The product is the name the ECMWF gives to a dataset. For example, this can be:

product = 'reanalysis-era5-pressure-levels'

or

product = 'reanalysis-era5-land'

Request parameters

The last piece of information you need to create a job on the CDS server is the request parameters specifically associated with a product. An easy way to figure this out is to go to the CDS website and manually click on variables, dates, times, etc and then go down to the "API Request" section at the very bottom to see the code. Here's a link to a product download page: https://cds.climate.copernicus.eu/datasets/reanalysis-era5-land?tab=download

Here's an example written as a python dictionary:

request_params = {
 'data_format': 'netcdf',
 'variable': '2m_dewpoint_temperature',
 'area': [-34.3, 166.3, -47.3, 178.6],
 'download_format': 'unarchived',
 'year': ['1950'],
 'month': ['01'],
 'day': ['01'],
 'time': ['00:00', '01:00', '02:00', '03:00', '04:00', '05:00', '06:00', '07:00', '08:00', '09:00', '10:00', '11:00', '12:00', '13:00', '14:00', '15:00', '16:00', '17:00', '18:00', '19:00', '20:00', '21:00', '22:00', '23:00']
 }

If you set the data_format to 'netcdf', there's no need to have the 'download_format' set to 'zip' as CDS will use zip internally in the netcdf4 anyway (which is good). It does not appear that 'grib' uses internal compression by default, so you might want to use 'zip' in this case.
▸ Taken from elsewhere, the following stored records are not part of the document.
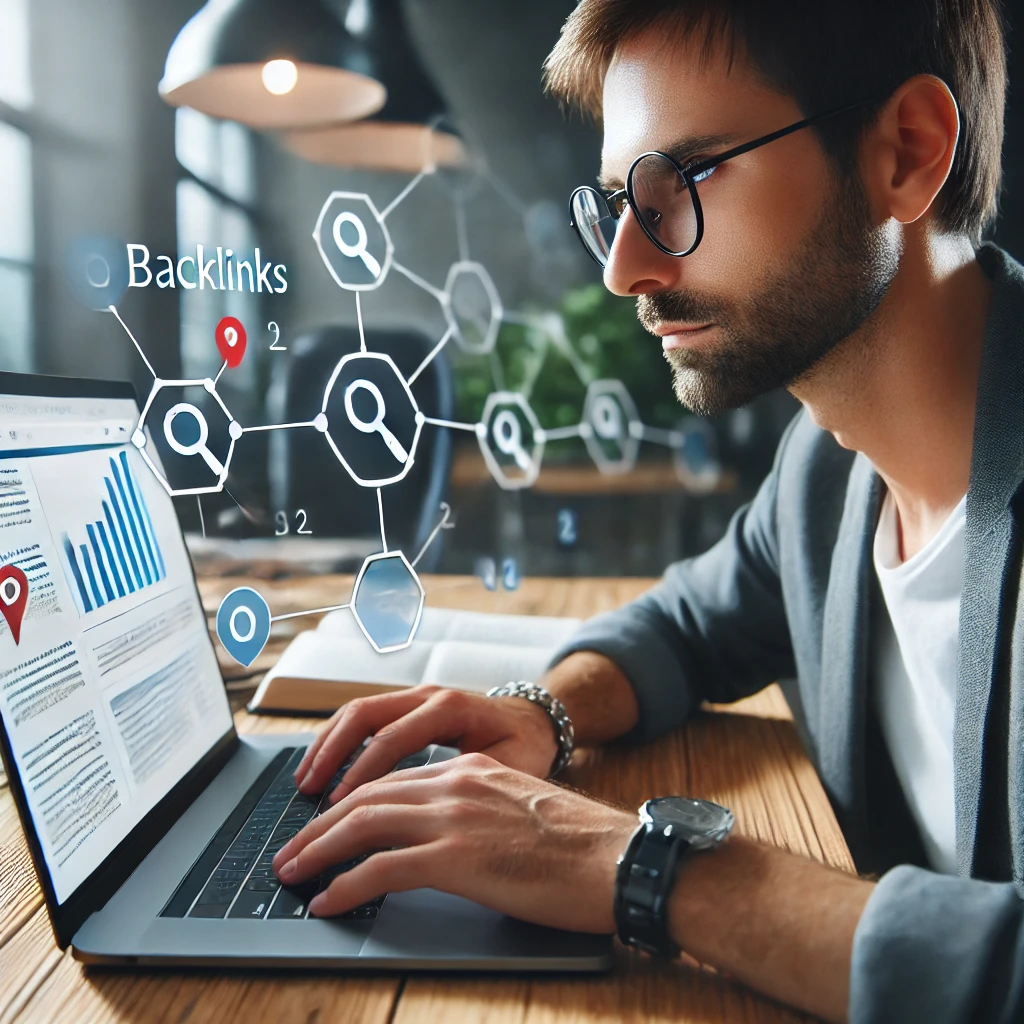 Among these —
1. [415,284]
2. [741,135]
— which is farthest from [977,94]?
[415,284]

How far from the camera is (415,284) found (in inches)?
55.6

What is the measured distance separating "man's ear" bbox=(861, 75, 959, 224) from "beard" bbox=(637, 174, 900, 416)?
0.02 m

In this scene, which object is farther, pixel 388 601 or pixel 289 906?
pixel 388 601

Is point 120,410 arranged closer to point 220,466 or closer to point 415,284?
point 220,466

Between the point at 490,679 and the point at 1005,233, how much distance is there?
1.63m

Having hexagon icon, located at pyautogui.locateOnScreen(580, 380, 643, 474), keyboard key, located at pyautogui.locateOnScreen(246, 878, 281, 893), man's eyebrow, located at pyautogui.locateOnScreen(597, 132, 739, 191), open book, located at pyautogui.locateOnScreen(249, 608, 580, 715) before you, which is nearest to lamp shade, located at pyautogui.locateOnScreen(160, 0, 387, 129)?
man's eyebrow, located at pyautogui.locateOnScreen(597, 132, 739, 191)

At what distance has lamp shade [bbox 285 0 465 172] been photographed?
1.26 meters

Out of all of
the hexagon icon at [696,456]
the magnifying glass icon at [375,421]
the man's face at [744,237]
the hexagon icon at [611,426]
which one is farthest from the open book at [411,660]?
the hexagon icon at [696,456]

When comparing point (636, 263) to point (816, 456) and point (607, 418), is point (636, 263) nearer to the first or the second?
point (816, 456)

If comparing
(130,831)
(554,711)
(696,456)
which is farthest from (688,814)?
(696,456)

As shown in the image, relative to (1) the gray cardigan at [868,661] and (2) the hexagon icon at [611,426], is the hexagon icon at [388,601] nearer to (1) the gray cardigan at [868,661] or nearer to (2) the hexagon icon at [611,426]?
(1) the gray cardigan at [868,661]

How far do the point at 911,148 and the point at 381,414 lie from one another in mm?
708

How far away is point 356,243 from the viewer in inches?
50.2

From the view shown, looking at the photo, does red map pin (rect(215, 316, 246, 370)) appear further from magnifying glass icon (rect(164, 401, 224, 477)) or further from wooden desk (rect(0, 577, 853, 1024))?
wooden desk (rect(0, 577, 853, 1024)) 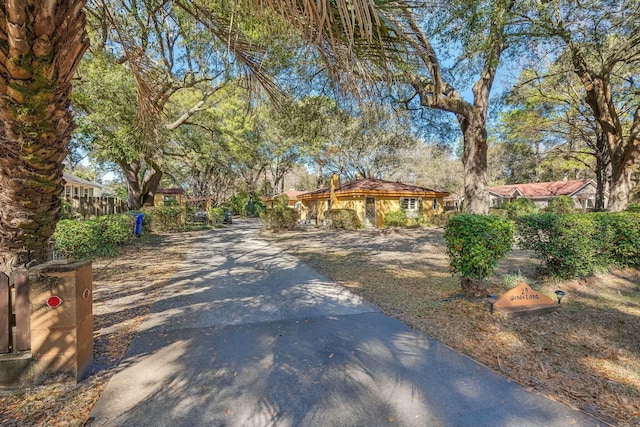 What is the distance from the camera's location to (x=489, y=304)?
15.1ft

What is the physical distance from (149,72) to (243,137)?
1898 centimetres

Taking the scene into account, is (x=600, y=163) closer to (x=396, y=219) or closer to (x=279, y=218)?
(x=396, y=219)

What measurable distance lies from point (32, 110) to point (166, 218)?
15.4 metres

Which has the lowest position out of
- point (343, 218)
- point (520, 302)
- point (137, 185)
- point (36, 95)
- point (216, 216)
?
point (520, 302)

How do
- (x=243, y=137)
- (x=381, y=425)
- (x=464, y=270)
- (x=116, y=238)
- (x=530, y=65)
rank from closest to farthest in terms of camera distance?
(x=381, y=425), (x=464, y=270), (x=116, y=238), (x=530, y=65), (x=243, y=137)

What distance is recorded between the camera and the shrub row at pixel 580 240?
5766 mm

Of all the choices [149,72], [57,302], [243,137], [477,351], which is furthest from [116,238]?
[243,137]

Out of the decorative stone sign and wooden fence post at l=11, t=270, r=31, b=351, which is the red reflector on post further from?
the decorative stone sign

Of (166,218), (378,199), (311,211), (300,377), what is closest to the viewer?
(300,377)

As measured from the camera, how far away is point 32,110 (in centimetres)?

The number of data values that the CDS will process in one job changes from time to time. I find it good practice to request one variable for a maximum of one year at a time.

Creating a job

Now that we have all the necessary pieces of data, we can create a job on the CDS server. To create a job for the CDS server, we need to send a POST request to the following url template:

request_url = '{base_url}/retrieve/v1/processes/{product}/execute/'

In our above example, it would equate to:

request_url = 'https://cds.climate.copernicus.eu/api/retrieve/v1/processes/reanalysis-era5-land/execute/'

The request parameters must be sent as JSON in the body of the POST request, but with the addition of 'inputs' as the key for the entire request parameters. For example, the python dictionary that should be converted to JSON should be the following using the above request_params:

request_body = {'inputs': request_params}

All up, here's an example of using the python requests package to create a job on the CDS server:

resp = requests.post(request_url, json=request_body, headers=headers)

Response

A response with a 404 error will either mean that the url is incorrect or the product name is wrong. A 400/500 error will mean that the request parameters were wrong.

The response headers will have two vital pieces of data. The JobID is the id the server has assigned for this job request and you should keep this for later!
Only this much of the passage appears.